● **Collected material**

========================================

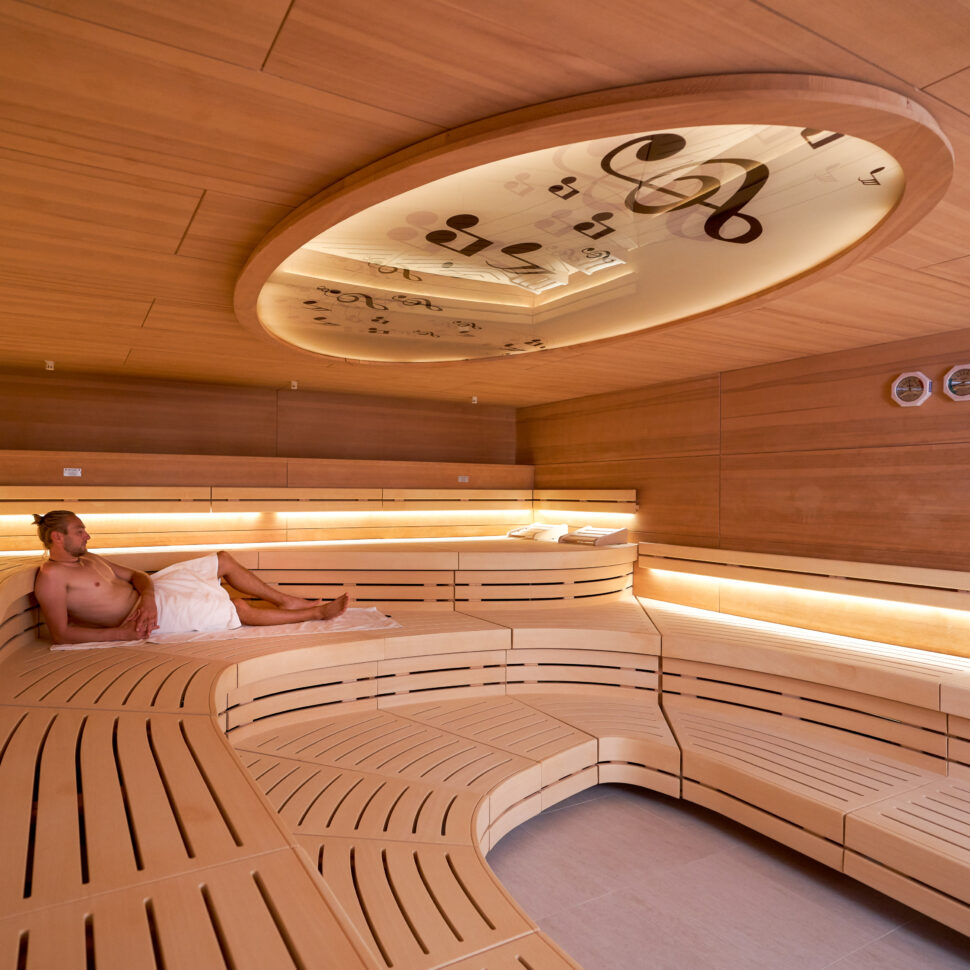 Ein Mann liegt auf den Arm gestützt in der Sauna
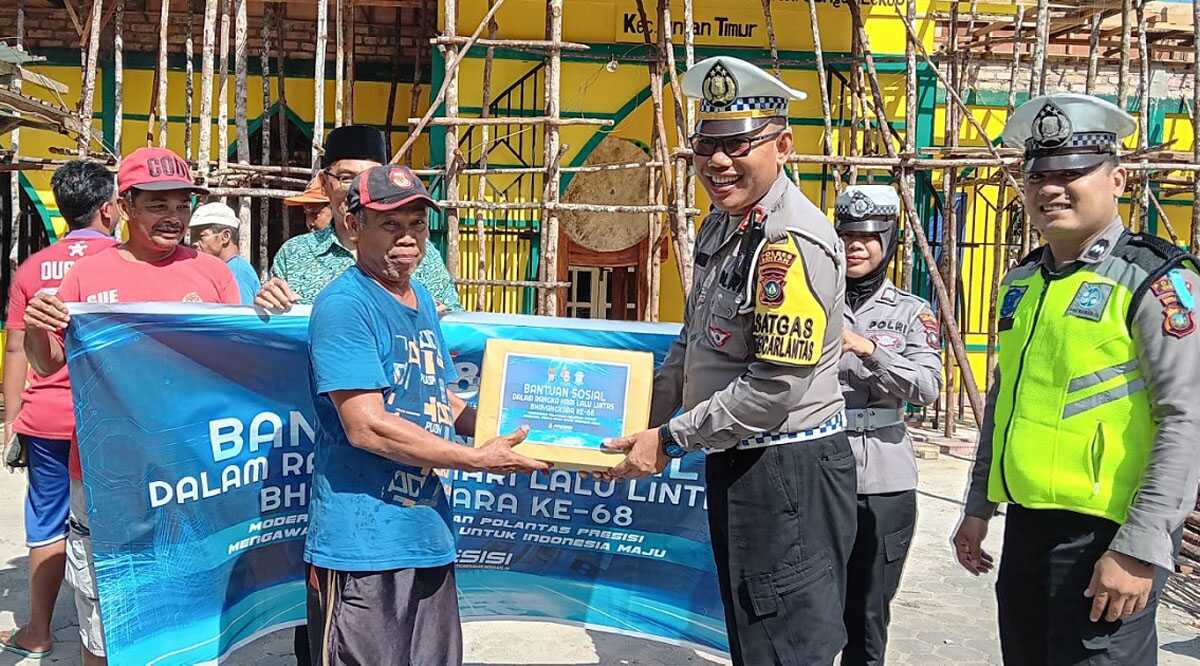 Kasat Lantas Polres Bintan AKP Khafandi menyerahkan bantuan paket sembako kepada buruh bangunan di Bintan dalam rangka HUT Lalulintas ke-68, Jumat (15/9/2023). (Dok. Humas Polres Bintan)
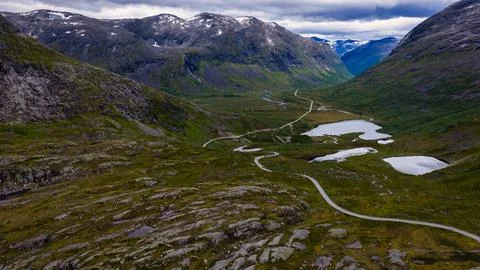 Overhead perspective of Rauma mountain valley in Norway showing serpentine ro Stock-Fotos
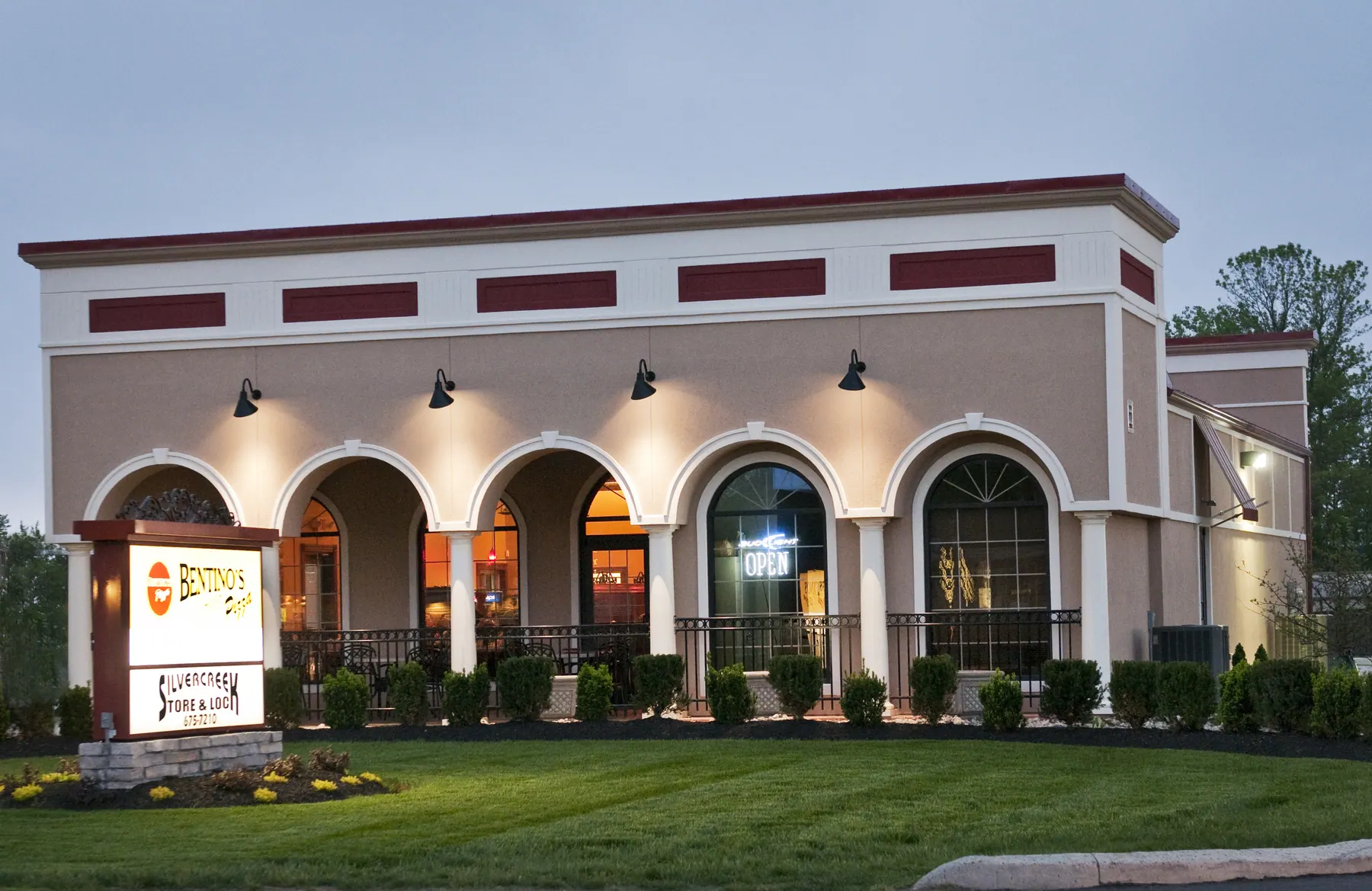 Bentino's Pizza at golden hour — stucco arches, red trim, lit OPEN sign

========================================

Exactly as given, set down each line of the material, but include no pictures.

● **Reply to the exercise**
 Ein Mann liegt auf den Arm gestützt in der Sauna
 Kasat Lantas Polres Bintan AKP Khafandi menyerahkan bantuan paket sembako kepada buruh bangunan di Bintan dalam rangka HUT Lalulintas ke-68, Jumat (15/9/2023). (Dok. Humas Polres Bintan)
 Overhead perspective of Rauma mountain valley in Norway showing serpentine ro Stock-Fotos
 Bentino's Pizza at golden hour — stucco arches, red trim, lit OPEN sign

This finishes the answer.